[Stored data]
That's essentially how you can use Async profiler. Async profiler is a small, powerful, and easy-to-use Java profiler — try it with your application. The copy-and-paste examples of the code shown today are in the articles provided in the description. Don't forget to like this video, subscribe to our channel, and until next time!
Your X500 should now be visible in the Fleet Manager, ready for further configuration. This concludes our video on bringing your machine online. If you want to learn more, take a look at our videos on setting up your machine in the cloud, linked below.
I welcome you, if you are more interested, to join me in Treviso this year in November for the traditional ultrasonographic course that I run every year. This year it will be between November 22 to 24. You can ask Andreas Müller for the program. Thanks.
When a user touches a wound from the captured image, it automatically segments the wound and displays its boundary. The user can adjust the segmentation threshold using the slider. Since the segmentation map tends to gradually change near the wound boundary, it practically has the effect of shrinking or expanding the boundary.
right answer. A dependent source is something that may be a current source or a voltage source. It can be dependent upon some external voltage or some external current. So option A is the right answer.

---

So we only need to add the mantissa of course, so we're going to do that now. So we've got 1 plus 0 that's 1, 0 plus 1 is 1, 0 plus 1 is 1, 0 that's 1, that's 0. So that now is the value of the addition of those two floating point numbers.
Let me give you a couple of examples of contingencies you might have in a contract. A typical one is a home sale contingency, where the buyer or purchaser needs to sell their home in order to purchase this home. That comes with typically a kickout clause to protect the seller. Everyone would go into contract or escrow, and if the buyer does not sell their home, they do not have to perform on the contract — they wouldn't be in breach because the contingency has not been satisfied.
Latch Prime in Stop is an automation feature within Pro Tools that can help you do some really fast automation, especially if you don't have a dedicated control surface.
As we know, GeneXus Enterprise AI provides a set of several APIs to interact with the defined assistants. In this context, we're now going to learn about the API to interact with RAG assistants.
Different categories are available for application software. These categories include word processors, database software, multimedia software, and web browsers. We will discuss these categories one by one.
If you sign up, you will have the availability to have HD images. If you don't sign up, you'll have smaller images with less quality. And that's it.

> EXERCISE DESCRIPTION:
Out of the entries above, write out only the lines between the line holding "Latch Prime in" and the line holding "If you sign", inclusive, each exactly as given.

> SOLUTION TO THIS TASK:
Latch Prime in Stop is an automation feature within Pro Tools that can help you do some really fast automation, especially if you don't have a dedicated control surface.
As we know, GeneXus Enterprise AI provides a set of several APIs to interact with the defined assistants. In this context, we're now going to learn about the API to interact with RAG assistants.
Different categories are available for application software. These categories include word processors, database software, multimedia software, and web browsers. We will discuss these categories one by one.
If you sign up, you will have the availability to have HD images. If you don't sign up, you'll have smaller images with less quality. And that's it.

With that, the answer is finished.